■ **PROVIDED ENTRIES**
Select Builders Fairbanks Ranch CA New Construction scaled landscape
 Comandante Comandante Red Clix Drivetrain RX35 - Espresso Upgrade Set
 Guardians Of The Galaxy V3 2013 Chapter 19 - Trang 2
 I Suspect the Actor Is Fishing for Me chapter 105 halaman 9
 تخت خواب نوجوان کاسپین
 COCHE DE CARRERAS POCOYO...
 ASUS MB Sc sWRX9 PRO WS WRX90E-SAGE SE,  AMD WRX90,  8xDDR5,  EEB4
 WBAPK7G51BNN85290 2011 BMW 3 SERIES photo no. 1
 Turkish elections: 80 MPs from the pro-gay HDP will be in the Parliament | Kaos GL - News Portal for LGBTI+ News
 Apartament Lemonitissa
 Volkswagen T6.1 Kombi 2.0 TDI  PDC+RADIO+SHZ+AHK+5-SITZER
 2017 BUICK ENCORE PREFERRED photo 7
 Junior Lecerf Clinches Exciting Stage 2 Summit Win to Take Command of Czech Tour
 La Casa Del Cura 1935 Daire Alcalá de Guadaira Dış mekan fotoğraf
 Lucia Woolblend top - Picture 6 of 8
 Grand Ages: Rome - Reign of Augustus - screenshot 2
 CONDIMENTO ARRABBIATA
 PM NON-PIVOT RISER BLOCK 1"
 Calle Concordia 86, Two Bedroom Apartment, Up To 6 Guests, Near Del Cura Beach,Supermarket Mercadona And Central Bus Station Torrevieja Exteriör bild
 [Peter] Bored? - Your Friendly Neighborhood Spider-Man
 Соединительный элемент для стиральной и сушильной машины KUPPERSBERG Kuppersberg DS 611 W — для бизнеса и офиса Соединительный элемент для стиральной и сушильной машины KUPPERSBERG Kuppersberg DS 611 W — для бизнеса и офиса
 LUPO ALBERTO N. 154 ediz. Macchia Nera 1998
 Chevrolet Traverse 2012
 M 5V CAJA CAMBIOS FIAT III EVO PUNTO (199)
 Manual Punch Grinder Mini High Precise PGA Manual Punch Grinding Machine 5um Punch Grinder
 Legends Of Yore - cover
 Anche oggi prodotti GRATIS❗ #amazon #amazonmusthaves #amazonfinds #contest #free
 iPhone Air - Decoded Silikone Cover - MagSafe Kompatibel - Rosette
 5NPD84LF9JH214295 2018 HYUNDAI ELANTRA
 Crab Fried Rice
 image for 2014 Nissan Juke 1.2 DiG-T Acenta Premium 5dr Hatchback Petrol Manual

■ **EXERCISE DIRECTIONS**
Show all lines above containing "Cura".

■ **OUTPUT FOR THIS TASK**
 La Casa Del Cura 1935 Daire Alcalá de Guadaira Dış mekan fotoğraf
 Calle Concordia 86, Two Bedroom Apartment, Up To 6 Guests, Near Del Cura Beach,Supermarket Mercadona And Central Bus Station Torrevieja Exteriör bild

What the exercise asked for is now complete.